Global economics is cruel to real people
THE financial news in the UK, and in much of the world, is full of doom and gloom based on stock market movements. At its worst, there are predictions of another financial meltdown, to match the one in 2008 and the media is happily trotting out old pictures of the fall of Lehman Brothers, complete with ex Masters of the Universe carrying cardboard boxes.
The central role is played by the Shanghai Index and the deep losses it has suffered since April. This is taken by Western commentators as a comment on the state of China's economy, which has driven global growth since the dark days of 2008. Current "losses" of share value are estimated at 40-45 per cent in four months. China's overall economic growth stands at only 7 per cent.
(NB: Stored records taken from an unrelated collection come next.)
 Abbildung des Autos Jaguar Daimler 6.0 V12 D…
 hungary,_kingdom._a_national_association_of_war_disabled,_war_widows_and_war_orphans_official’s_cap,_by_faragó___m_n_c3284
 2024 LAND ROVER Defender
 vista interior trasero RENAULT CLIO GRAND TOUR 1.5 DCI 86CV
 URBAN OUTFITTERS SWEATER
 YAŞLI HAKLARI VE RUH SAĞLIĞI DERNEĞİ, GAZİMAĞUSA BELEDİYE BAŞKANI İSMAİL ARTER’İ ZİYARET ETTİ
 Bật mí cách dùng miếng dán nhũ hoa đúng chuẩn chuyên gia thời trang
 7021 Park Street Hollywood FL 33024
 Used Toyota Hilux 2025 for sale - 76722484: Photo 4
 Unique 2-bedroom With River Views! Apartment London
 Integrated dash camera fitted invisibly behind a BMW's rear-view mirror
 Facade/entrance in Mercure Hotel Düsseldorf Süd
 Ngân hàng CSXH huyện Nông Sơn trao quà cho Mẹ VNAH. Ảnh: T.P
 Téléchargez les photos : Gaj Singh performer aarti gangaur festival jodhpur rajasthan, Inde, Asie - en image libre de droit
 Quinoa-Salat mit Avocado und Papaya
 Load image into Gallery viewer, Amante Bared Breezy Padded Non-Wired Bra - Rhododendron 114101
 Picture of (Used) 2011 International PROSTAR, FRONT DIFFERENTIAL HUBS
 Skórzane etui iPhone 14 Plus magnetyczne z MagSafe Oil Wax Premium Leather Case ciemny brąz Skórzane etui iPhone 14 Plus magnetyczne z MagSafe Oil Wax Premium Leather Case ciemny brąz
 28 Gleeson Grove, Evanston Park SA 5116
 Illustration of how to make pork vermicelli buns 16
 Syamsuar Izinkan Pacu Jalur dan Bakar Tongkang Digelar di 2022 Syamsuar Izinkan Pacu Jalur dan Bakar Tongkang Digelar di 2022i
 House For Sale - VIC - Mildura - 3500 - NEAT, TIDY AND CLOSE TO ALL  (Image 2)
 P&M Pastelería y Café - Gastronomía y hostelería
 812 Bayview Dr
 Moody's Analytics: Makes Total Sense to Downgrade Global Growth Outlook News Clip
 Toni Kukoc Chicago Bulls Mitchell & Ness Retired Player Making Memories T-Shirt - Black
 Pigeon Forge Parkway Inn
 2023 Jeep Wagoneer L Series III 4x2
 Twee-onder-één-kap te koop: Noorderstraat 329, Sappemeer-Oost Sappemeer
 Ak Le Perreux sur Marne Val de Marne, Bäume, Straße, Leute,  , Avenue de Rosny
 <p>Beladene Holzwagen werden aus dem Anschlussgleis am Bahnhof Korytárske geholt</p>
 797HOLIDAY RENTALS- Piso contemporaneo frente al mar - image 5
I hope you are reading this with an open mind. Seven per cent growth? If only ... Western economies almost went belly up after 2008 and the prospect of a meltdown of the entire banking system was preying on people's minds. Negative economic growth (why do economists try to dress up recession with the word "growth"?) was the norm. Meltdown was averted by the traditional lowering of interest rates to a rate so close to zero we savers could not tell the difference. And there they stay - seven years and counting. If that was not enough cheap money, the UK, the US and, belatedly the EU, came up with the whizzo strategy of printing free money and shovelling it into bankrupt banks. Just in case they were accused of following Zimbabwe's economic strategy, this was given the grand title of "quantitative easing".